#### Input data ####

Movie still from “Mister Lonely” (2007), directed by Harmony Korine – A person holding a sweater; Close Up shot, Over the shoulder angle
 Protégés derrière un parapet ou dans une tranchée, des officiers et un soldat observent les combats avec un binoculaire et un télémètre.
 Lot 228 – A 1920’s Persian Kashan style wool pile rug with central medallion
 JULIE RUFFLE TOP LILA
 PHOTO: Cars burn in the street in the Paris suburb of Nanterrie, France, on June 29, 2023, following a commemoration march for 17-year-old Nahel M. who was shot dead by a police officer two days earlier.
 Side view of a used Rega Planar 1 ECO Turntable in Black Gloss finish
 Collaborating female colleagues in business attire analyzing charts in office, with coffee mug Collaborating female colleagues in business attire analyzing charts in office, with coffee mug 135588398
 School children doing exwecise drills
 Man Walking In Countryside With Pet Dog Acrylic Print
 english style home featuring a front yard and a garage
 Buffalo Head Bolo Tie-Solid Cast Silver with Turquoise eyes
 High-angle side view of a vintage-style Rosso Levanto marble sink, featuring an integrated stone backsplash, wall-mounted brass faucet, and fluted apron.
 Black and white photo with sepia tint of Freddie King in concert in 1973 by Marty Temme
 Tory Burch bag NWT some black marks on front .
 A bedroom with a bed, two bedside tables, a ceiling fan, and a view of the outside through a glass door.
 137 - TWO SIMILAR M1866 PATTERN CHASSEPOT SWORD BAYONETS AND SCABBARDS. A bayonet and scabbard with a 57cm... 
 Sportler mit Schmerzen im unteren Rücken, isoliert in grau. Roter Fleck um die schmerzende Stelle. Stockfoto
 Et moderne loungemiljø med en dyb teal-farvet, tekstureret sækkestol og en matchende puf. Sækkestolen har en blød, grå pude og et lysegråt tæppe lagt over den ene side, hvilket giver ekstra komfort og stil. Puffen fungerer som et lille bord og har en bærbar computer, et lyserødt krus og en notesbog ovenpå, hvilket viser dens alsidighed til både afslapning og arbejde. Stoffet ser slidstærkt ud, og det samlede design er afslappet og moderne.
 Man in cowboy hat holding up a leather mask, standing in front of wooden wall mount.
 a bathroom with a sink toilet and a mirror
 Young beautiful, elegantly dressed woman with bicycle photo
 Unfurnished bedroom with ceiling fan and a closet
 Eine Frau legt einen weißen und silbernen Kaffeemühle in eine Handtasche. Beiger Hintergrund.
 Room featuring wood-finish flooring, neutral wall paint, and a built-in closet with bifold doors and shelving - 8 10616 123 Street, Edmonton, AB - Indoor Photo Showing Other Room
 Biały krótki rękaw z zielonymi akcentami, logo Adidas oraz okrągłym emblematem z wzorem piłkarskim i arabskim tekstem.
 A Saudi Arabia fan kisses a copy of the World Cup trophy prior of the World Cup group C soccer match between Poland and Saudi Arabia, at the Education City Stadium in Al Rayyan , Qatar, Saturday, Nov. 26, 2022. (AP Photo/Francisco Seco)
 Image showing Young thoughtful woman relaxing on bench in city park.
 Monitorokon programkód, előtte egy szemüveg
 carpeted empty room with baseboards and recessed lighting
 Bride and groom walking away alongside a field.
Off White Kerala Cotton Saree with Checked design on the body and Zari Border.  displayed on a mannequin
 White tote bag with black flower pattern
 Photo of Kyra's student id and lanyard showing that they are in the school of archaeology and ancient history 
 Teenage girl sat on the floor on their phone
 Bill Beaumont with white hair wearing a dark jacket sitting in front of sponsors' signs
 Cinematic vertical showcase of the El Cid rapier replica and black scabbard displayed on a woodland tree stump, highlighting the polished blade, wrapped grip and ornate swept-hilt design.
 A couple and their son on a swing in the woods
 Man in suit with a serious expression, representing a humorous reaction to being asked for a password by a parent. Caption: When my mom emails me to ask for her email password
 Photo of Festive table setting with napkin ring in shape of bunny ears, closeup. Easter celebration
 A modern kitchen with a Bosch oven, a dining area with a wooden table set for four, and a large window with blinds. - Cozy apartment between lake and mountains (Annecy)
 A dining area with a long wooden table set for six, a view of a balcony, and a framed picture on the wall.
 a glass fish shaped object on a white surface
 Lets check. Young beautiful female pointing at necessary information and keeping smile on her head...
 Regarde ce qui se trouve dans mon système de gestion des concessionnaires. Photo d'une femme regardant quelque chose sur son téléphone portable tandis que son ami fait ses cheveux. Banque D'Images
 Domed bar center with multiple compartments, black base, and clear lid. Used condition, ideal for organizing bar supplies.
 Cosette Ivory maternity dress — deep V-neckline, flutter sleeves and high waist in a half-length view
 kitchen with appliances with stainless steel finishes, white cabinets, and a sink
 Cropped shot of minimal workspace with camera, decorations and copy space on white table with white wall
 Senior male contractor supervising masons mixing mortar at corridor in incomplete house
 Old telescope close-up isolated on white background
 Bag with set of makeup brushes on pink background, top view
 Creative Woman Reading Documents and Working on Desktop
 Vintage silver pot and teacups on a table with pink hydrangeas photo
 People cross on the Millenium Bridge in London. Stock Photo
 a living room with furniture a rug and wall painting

####

# Exercise objective
Reproduce every record exactly, line by line.

# Task result
Movie still from “Mister Lonely” (2007), directed by Harmony Korine – A person holding a sweater; Close Up shot, Over the shoulder angle
 Protégés derrière un parapet ou dans une tranchée, des officiers et un soldat observent les combats avec un binoculaire et un télémètre.
 Lot 228 – A 1920’s Persian Kashan style wool pile rug with central medallion
 JULIE RUFFLE TOP LILA
 PHOTO: Cars burn in the street in the Paris suburb of Nanterrie, France, on June 29, 2023, following a commemoration march for 17-year-old Nahel M. who was shot dead by a police officer two days earlier.
 Side view of a used Rega Planar 1 ECO Turntable in Black Gloss finish
 Collaborating female colleagues in business attire analyzing charts in office, with coffee mug Collaborating female colleagues in business attire analyzing charts in office, with coffee mug 135588398
 School children doing exwecise drills
 Man Walking In Countryside With Pet Dog Acrylic Print
 english style home featuring a front yard and a garage
 Buffalo Head Bolo Tie-Solid Cast Silver with Turquoise eyes
 High-angle side view of a vintage-style Rosso Levanto marble sink, featuring an integrated stone backsplash, wall-mounted brass faucet, and fluted apron.
 Black and white photo with sepia tint of Freddie King in concert in 1973 by Marty Temme
 Tory Burch bag NWT some black marks on front .
 A bedroom with a bed, two bedside tables, a ceiling fan, and a view of the outside through a glass door.
 137 - TWO SIMILAR M1866 PATTERN CHASSEPOT SWORD BAYONETS AND SCABBARDS. A bayonet and scabbard with a 57cm... 
 Sportler mit Schmerzen im unteren Rücken, isoliert in grau. Roter Fleck um die schmerzende Stelle. Stockfoto
 Et moderne loungemiljø med en dyb teal-farvet, tekstureret sækkestol og en matchende puf. Sækkestolen har en blød, grå pude og et lysegråt tæppe lagt over den ene side, hvilket giver ekstra komfort og stil. Puffen fungerer som et lille bord og har en bærbar computer, et lyserødt krus og en notesbog ovenpå, hvilket viser dens alsidighed til både afslapning og arbejde. Stoffet ser slidstærkt ud, og det samlede design er afslappet og moderne.
 Man in cowboy hat holding up a leather mask, standing in front of wooden wall mount.
 a bathroom with a sink toilet and a mirror
 Young beautiful, elegantly dressed woman with bicycle photo
 Unfurnished bedroom with ceiling fan and a closet
 Eine Frau legt einen weißen und silbernen Kaffeemühle in eine Handtasche. Beiger Hintergrund.
 Room featuring wood-finish flooring, neutral wall paint, and a built-in closet with bifold doors and shelving - 8 10616 123 Street, Edmonton, AB - Indoor Photo Showing Other Room
 Biały krótki rękaw z zielonymi akcentami, logo Adidas oraz okrągłym emblematem z wzorem piłkarskim i arabskim tekstem.
 A Saudi Arabia fan kisses a copy of the World Cup trophy prior of the World Cup group C soccer match between Poland and Saudi Arabia, at the Education City Stadium in Al Rayyan , Qatar, Saturday, Nov. 26, 2022. (AP Photo/Francisco Seco)
 Image showing Young thoughtful woman relaxing on bench in city park.
 Monitorokon programkód, előtte egy szemüveg
 carpeted empty room with baseboards and recessed lighting
 Bride and groom walking away alongside a field.
Off White Kerala Cotton Saree with Checked design on the body and Zari Border.  displayed on a mannequin
 White tote bag with black flower pattern
 Photo of Kyra's student id and lanyard showing that they are in the school of archaeology and ancient history 
 Teenage girl sat on the floor on their phone
 Bill Beaumont with white hair wearing a dark jacket sitting in front of sponsors' signs
 Cinematic vertical showcase of the El Cid rapier replica and black scabbard displayed on a woodland tree stump, highlighting the polished blade, wrapped grip and ornate swept-hilt design.
 A couple and their son on a swing in the woods
 Man in suit with a serious expression, representing a humorous reaction to being asked for a password by a parent. Caption: When my mom emails me to ask for her email password
 Photo of Festive table setting with napkin ring in shape of bunny ears, closeup. Easter celebration
 A modern kitchen with a Bosch oven, a dining area with a wooden table set for four, and a large window with blinds. - Cozy apartment between lake and mountains (Annecy)
 A dining area with a long wooden table set for six, a view of a balcony, and a framed picture on the wall.
 a glass fish shaped object on a white surface
 Lets check. Young beautiful female pointing at necessary information and keeping smile on her head...
 Regarde ce qui se trouve dans mon système de gestion des concessionnaires. Photo d'une femme regardant quelque chose sur son téléphone portable tandis que son ami fait ses cheveux. Banque D'Images
 Domed bar center with multiple compartments, black base, and clear lid. Used condition, ideal for organizing bar supplies.
 Cosette Ivory maternity dress — deep V-neckline, flutter sleeves and high waist in a half-length view
 kitchen with appliances with stainless steel finishes, white cabinets, and a sink
 Cropped shot of minimal workspace with camera, decorations and copy space on white table with white wall
 Senior male contractor supervising masons mixing mortar at corridor in incomplete house
 Old telescope close-up isolated on white background
 Bag with set of makeup brushes on pink background, top view
 Creative Woman Reading Documents and Working on Desktop
 Vintage silver pot and teacups on a table with pink hydrangeas photo
 People cross on the Millenium Bridge in London. Stock Photo
 a living room with furniture a rug and wall painting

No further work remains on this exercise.